## TASK TO CARRY OUT
Restate the records word for word. Include no pictures.

## GIVEN ENTRIES
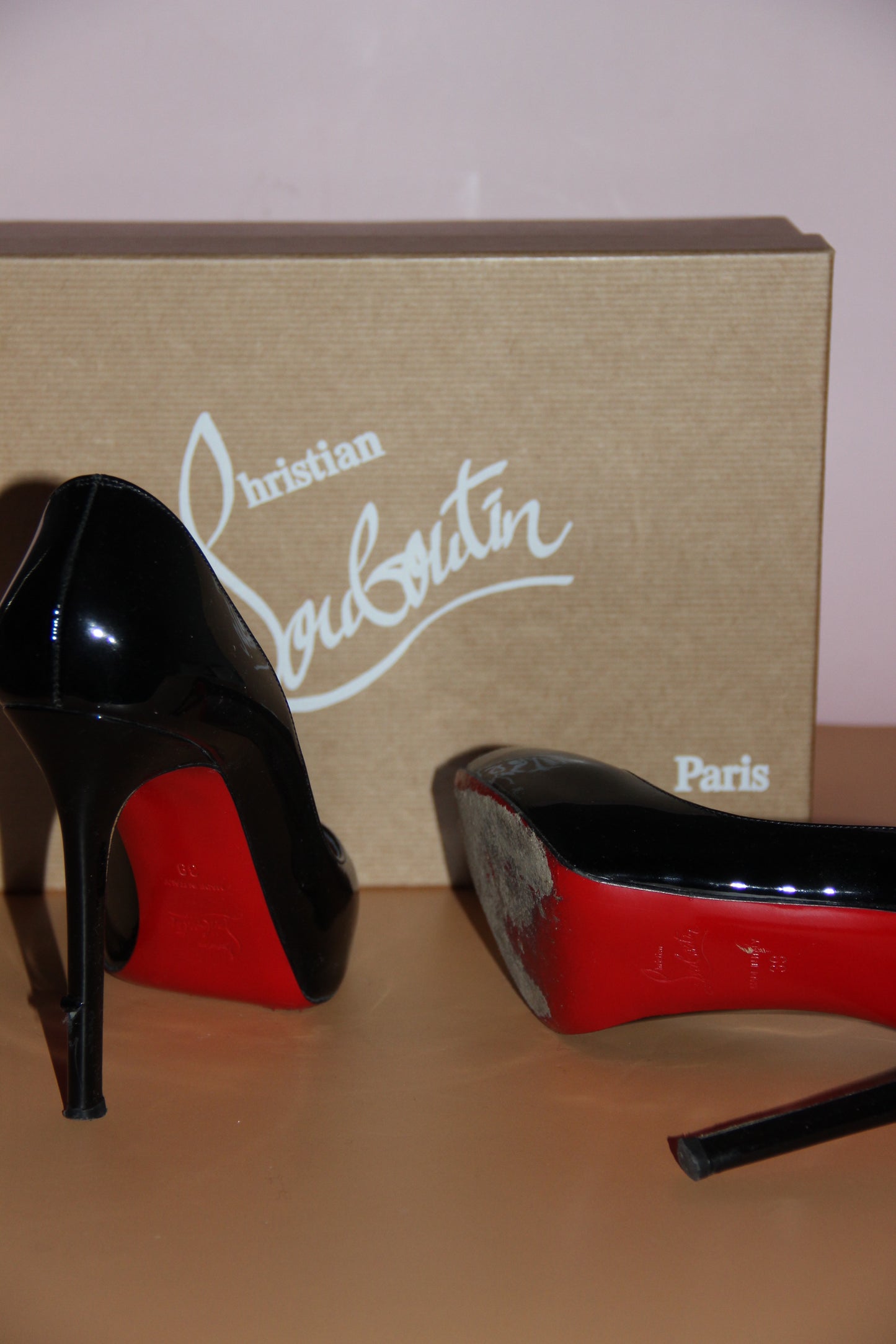 Escarpins Christian Louboutin verni noir peep toe T.39,5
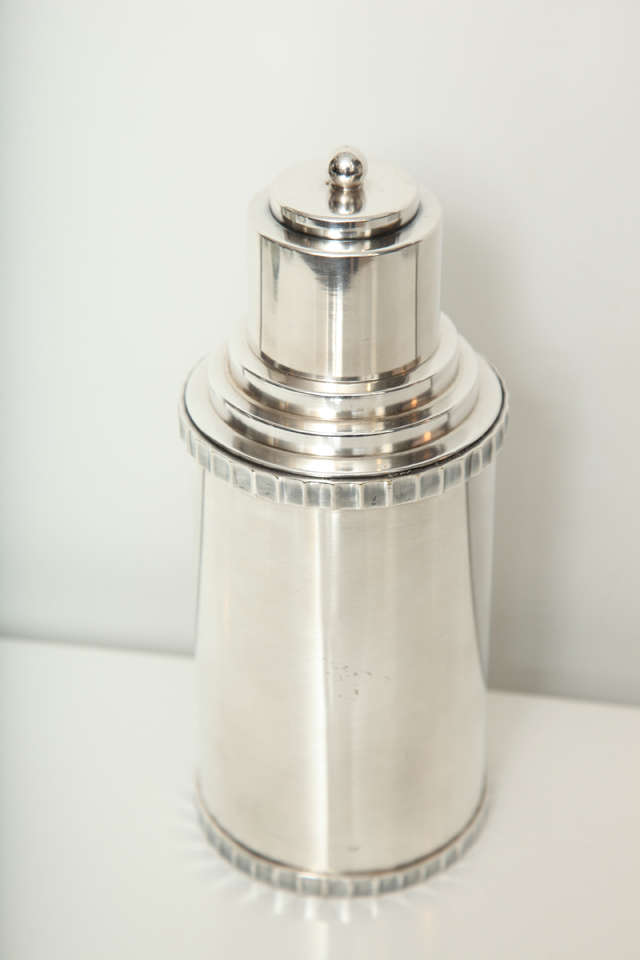 A fabulous Deco cocktail shaker with a skyscraper design.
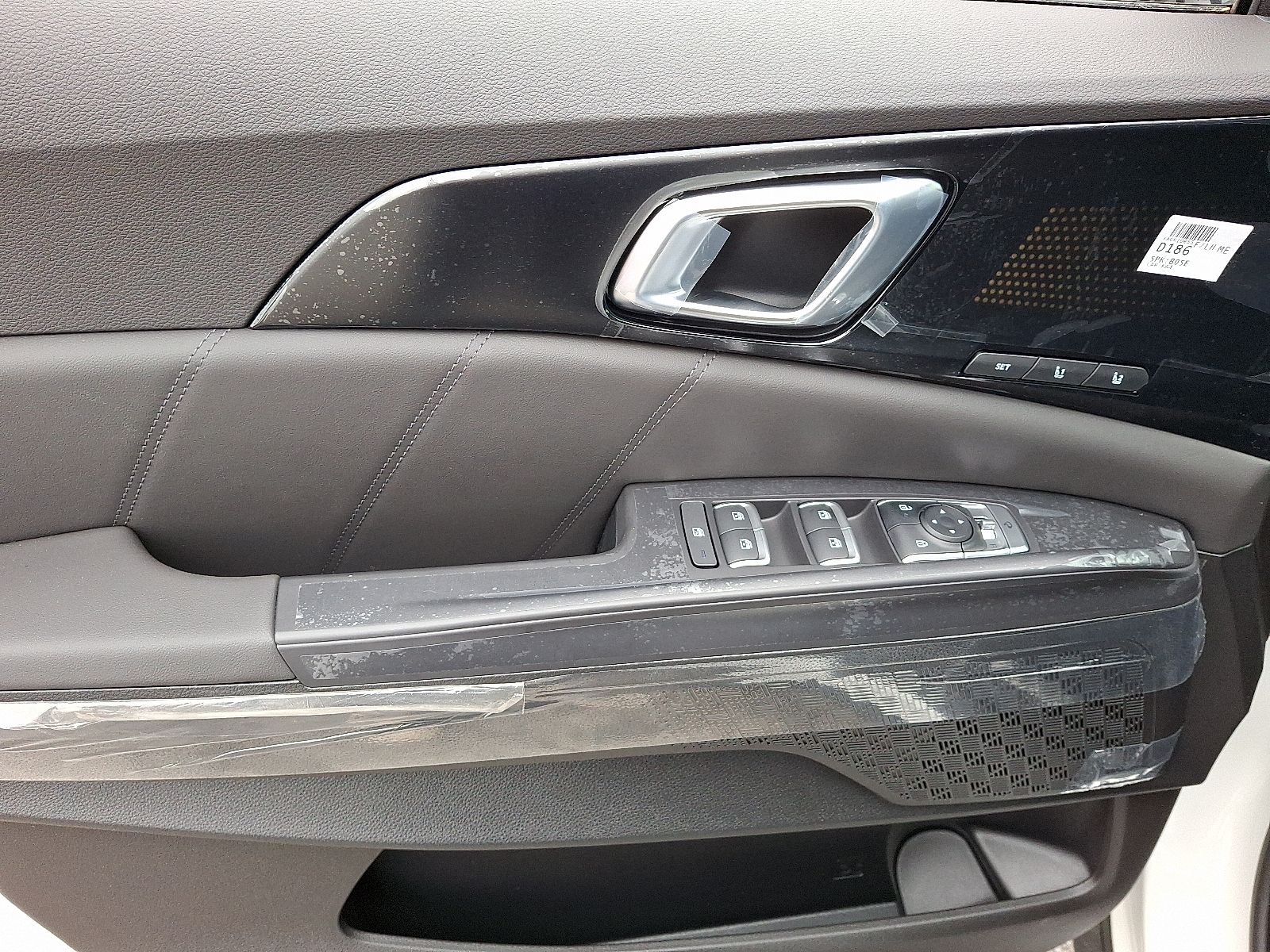 2025 Kia Carnival SX Prestige - Photo 12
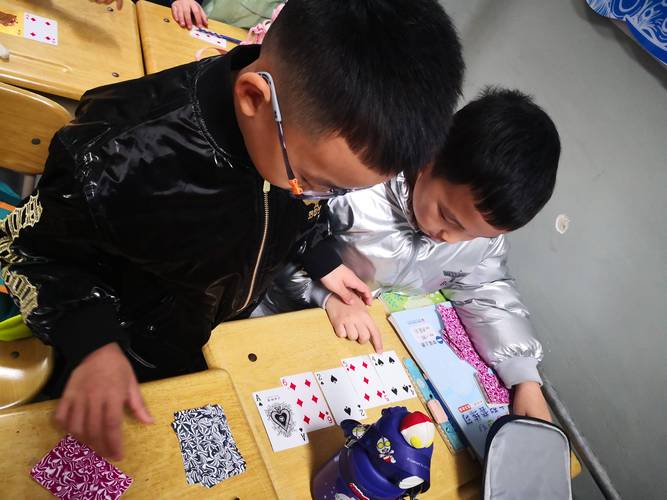 家长陪孩子玩数学游戏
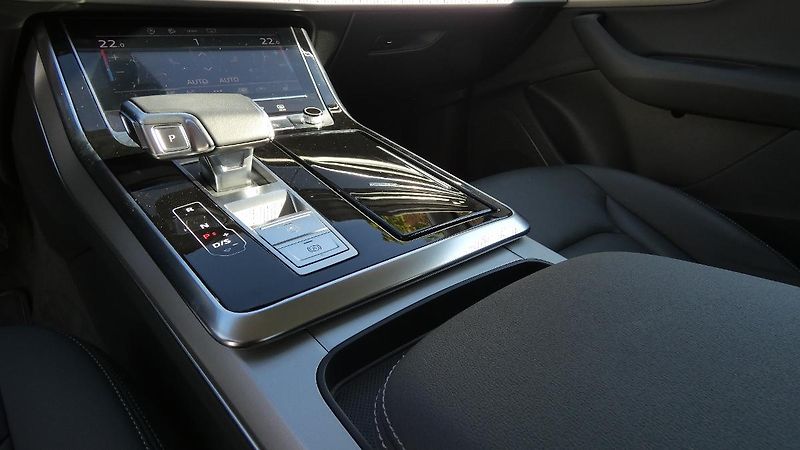 Audi Q7 45 TDI quattro tiptronic - fotka 6 z 26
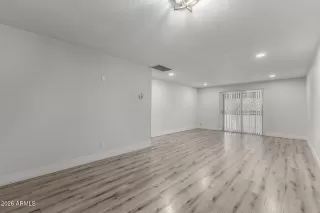 Photo #5: 6997139 Listing 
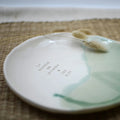 Plato cerámica artesanal Lo esencial es invisible a los ojos El Principito arcilla blanca blanco y turquesa hecho a mano 21cm - Maia Artesanía Cerámica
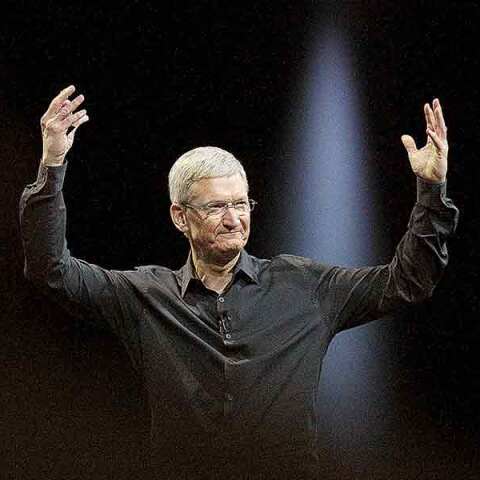 Αντιδράσεις για τις υπέρογκες αποδοχές του CEO της Apple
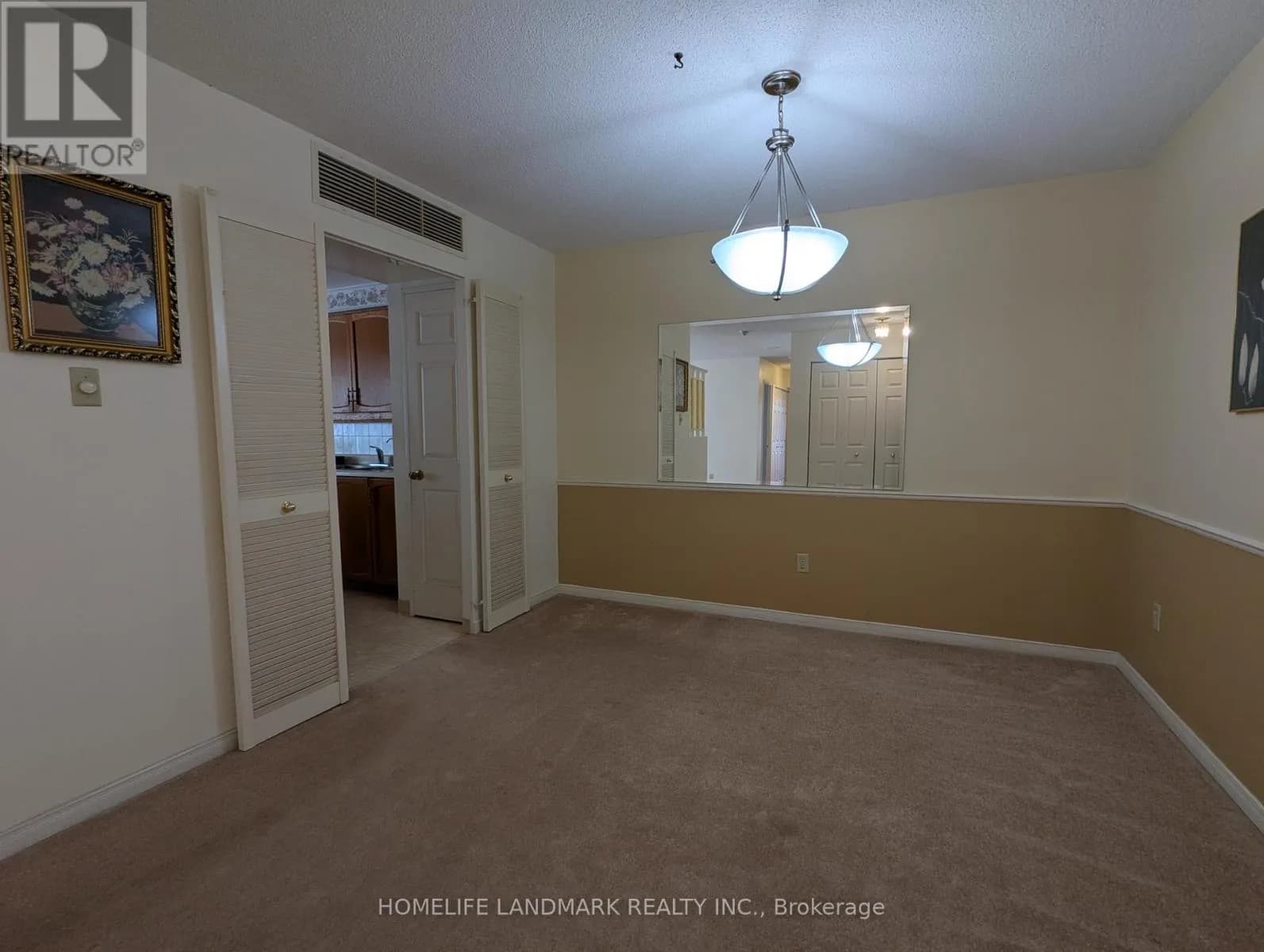 306 - 265 WESTCOURT PLACE — photo 4 of 36
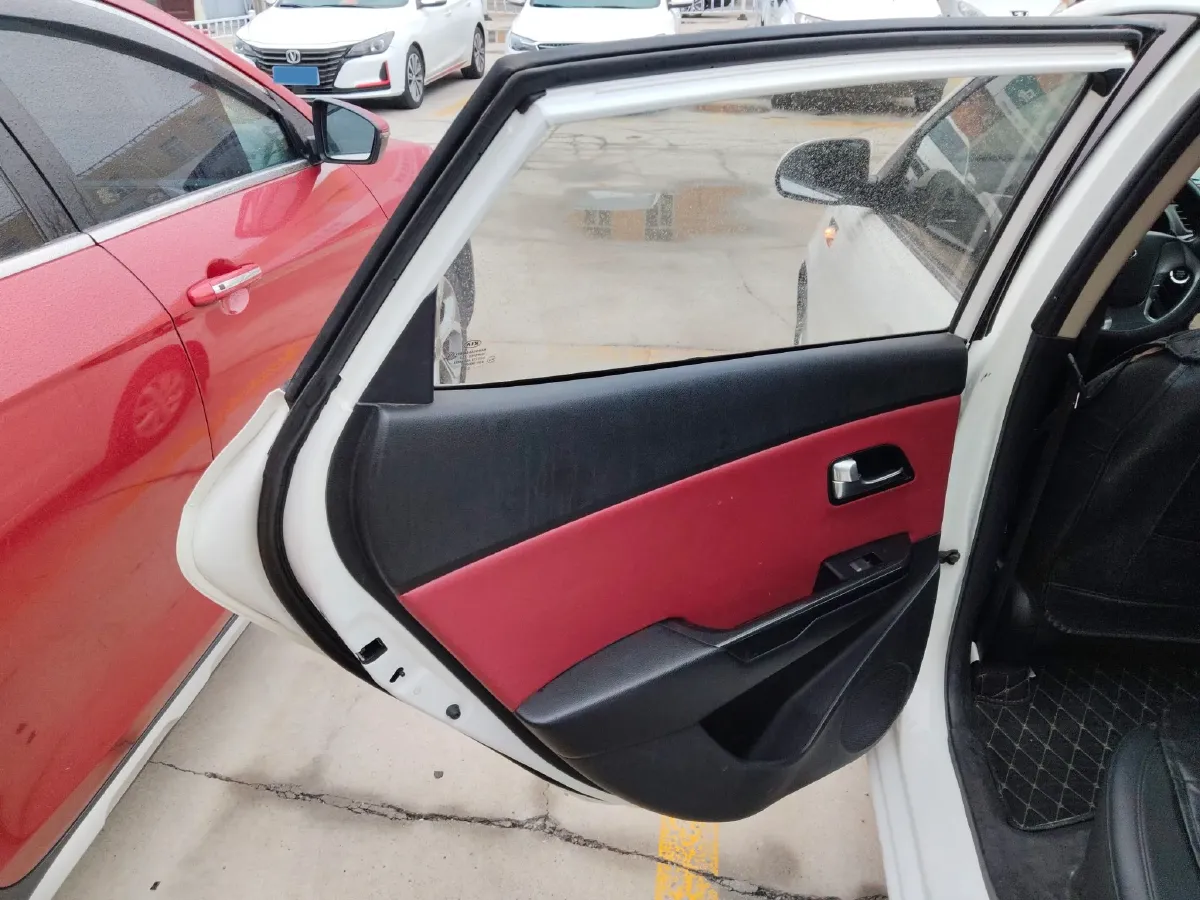 2015 Kia K2 1.4L 107HP L4 4AT,autocango,china used car exporter,china ev exporter,chinese used car exporter,chinese used ev exporter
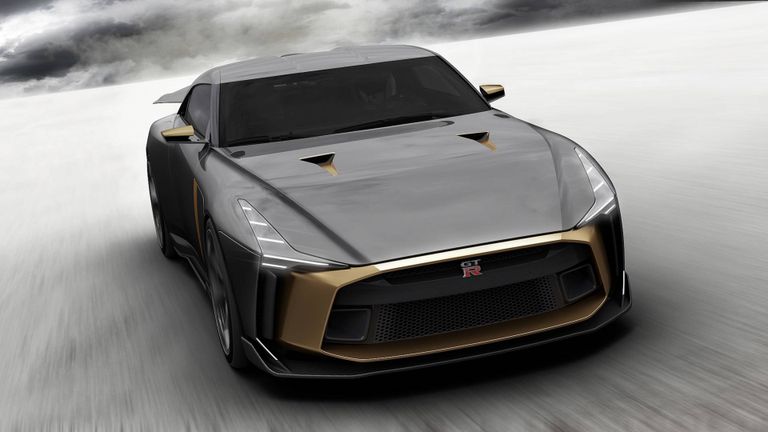 نيسان GT-R50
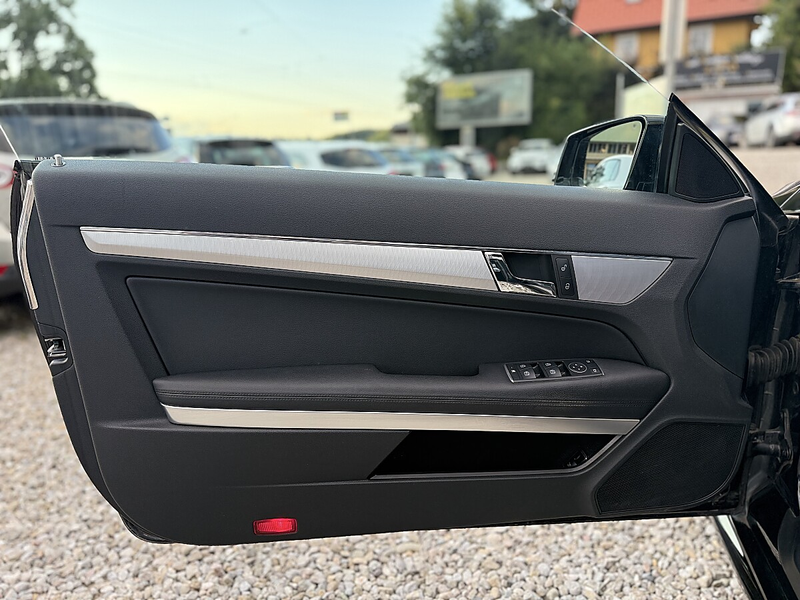 Mercedes-Benz E 350 CDI BlueEFFICIE — photo 11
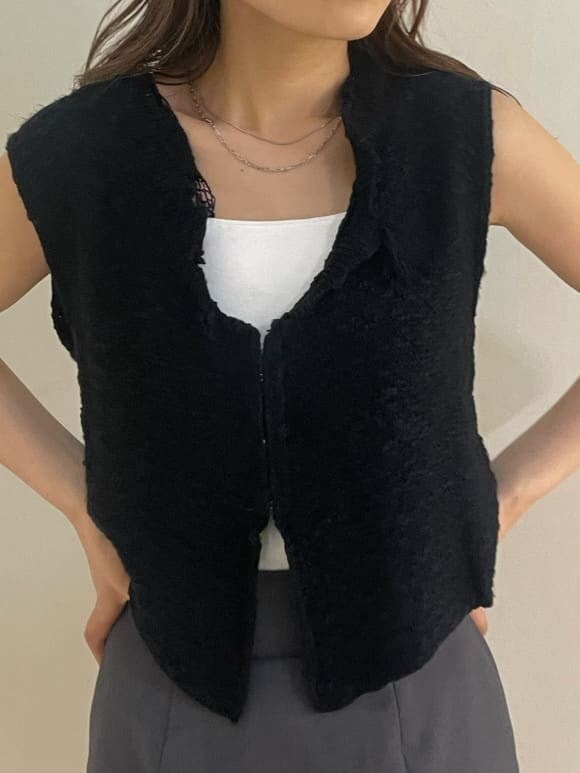 イエロー系のタンクトップ、ブラック系のスニーカー、ブラック系のハンドバッグを着用したレディースの春コーディネートの4枚目の写真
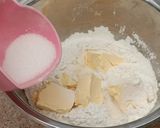عکس مرحله 2 از دستور پای کیک گیلاس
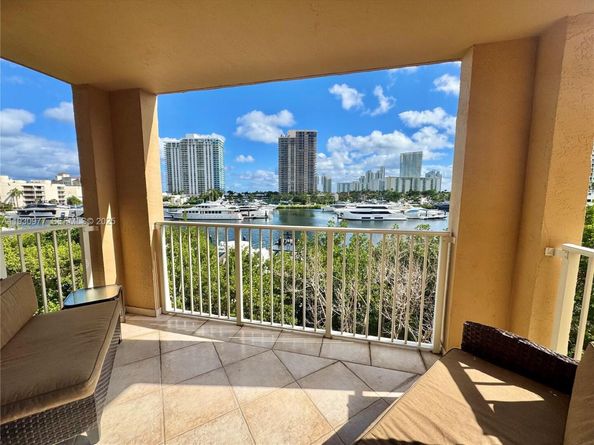 19877 E Country Club Dr 3408, Aventura FL 33180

## ANSWER AREA
 Escarpins Christian Louboutin verni noir peep toe T.39,5
 A fabulous Deco cocktail shaker with a skyscraper design.
 2025 Kia Carnival SX Prestige - Photo 12
 家长陪孩子玩数学游戏
 Audi Q7 45 TDI quattro tiptronic - fotka 6 z 26
 Photo #5: 6997139 Listing 
 Plato cerámica artesanal Lo esencial es invisible a los ojos El Principito arcilla blanca blanco y turquesa hecho a mano 21cm - Maia Artesanía Cerámica
 Αντιδράσεις για τις υπέρογκες αποδοχές του CEO της Apple
 306 - 265 WESTCOURT PLACE — photo 4 of 36
 2015 Kia K2 1.4L 107HP L4 4AT,autocango,china used car exporter,china ev exporter,chinese used car exporter,chinese used ev exporter
 نيسان GT-R50
 Mercedes-Benz E 350 CDI BlueEFFICIE — photo 11
 イエロー系のタンクトップ、ブラック系のスニーカー、ブラック系のハンドバッグを着用したレディースの春コーディネートの4枚目の写真
عکس مرحله 2 از دستور پای کیک گیلاس
 19877 E Country Club Dr 3408, Aventura FL 33180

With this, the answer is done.